# What to produce
Report each line of the data that contains the string "white".

# Data under study
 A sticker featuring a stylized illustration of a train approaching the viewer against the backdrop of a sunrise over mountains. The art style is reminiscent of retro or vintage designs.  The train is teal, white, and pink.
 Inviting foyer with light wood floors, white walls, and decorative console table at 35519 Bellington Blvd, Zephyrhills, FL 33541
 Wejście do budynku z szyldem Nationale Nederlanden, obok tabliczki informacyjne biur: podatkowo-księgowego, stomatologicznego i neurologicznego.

...

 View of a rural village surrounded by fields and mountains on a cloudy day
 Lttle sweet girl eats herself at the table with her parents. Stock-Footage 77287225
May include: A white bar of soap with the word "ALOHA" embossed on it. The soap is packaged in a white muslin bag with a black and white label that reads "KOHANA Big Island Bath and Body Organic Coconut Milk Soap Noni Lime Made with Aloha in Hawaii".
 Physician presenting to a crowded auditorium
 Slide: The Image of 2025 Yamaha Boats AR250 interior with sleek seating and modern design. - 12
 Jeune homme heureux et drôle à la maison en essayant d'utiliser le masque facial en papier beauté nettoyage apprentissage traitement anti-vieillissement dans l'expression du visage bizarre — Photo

# Expected output
 A sticker featuring a stylized illustration of a train approaching the viewer against the backdrop of a sunrise over mountains. The art style is reminiscent of retro or vintage designs.  The train is teal, white, and pink.
 Inviting foyer with light wood floors, white walls, and decorative console table at 35519 Bellington Blvd, Zephyrhills, FL 33541
May include: A white bar of soap with the word "ALOHA" embossed on it. The soap is packaged in a white muslin bag with a black and white label that reads "KOHANA Big Island Bath and Body Organic Coconut Milk Soap Noni Lime Made with Aloha in Hawaii".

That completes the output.